The battle between man and machine continued today at SXSW as more people thrashed it out (and laughed a lot) on panels discussing algorithms, good taste and whether a hand-curated Stevie Wonder playlist is worth $10 a month alone.
Folks from Pandora, RDIO and Google Play entertained the crowd with honest quips about ‘similar artists’ making them cringe, and insights into how playlists are built.
Tim Quirk of Google said ‘playlists are discreet entities with beginnings and endings, but with algorithms we’ve learned what you like and now we can keep this going.’
So what makes a playlist a playlist? It has to have some kind of emotional content for starters – think back to High Fidelity. And it has to have beginning, middle and end, just like a story. As Quirk says, ‘it’s not a playlist if it doesn’t have an end.’ Which is an issue for streaming platforms claiming to create such things.
With strong arguments on both sides of the tape, there is no crystal clear answer as to whether the human touch is better than tech. The next 12 months (and the future success of Beats) will help to lift the smog.

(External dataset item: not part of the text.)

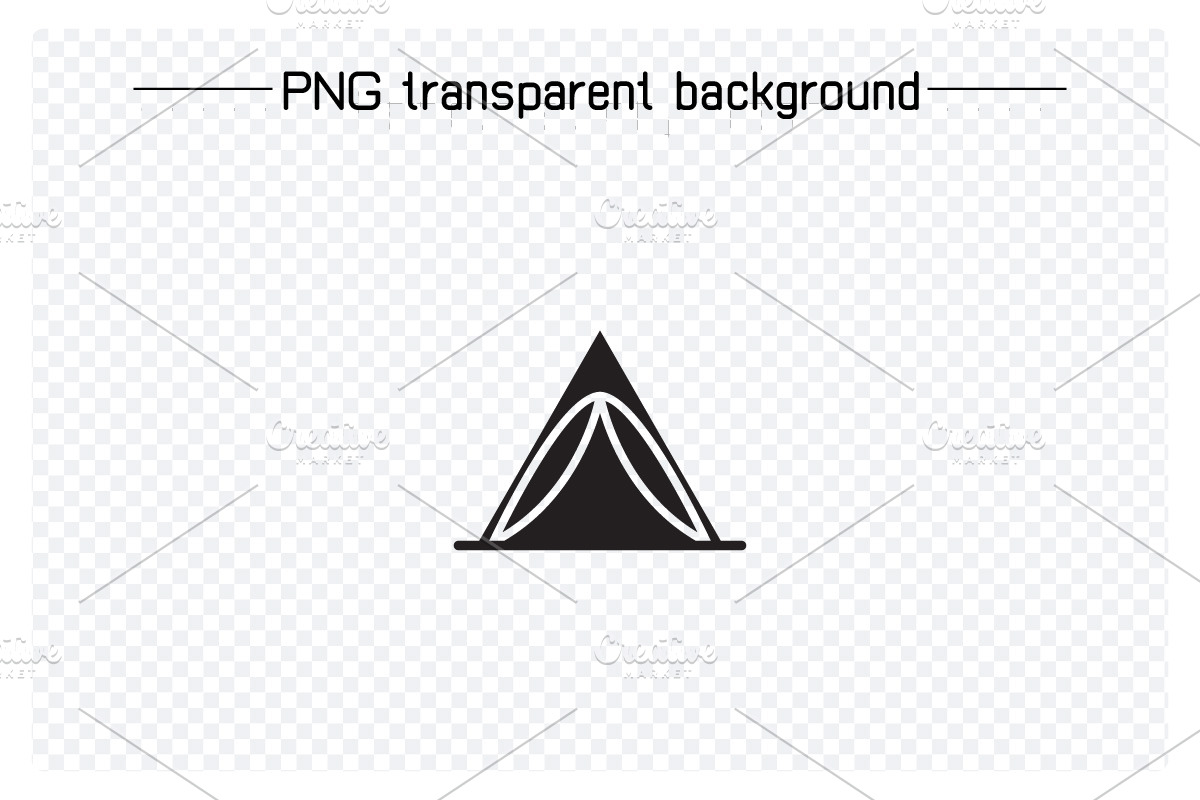 Canopy Dome Tent Icons Set, an Icon by Designfour (Photo 2 of 7)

But let’s face it, the millions of people that watch Ellen DeGeneres who can’t be bothered to look for their own supply of new music, are most probably going to see the benefit of a playlist created by one of their TV idols (via Beats).
The CORD CEO, Daniel Jackson was on a panel this afternoon with Nils Leonard from Grey London and Eric Sheinkop from Music Dealers tackling topics like meaningful brand and music engagements (see Rubber Tracks and Red Bull Music Academy), where agencies should and shouldn’t spend their money (only 4% of ad budgets get spent on music), and building brand identity with music.
Eric made this valid point: you wouldn’t ask a decorator to paint you house for free, so why would you expect music for free in your ad? While Nils said if advertising folk remember that people hate ads, the better they will do at creating them. And Daniel concluded the talk by saying it doesn’t matter whether you’re an artist, brand or agency because ultimately we all want the same thing – to reach people.
Over and out. We’re off to see Little Dragon at Fader Fort!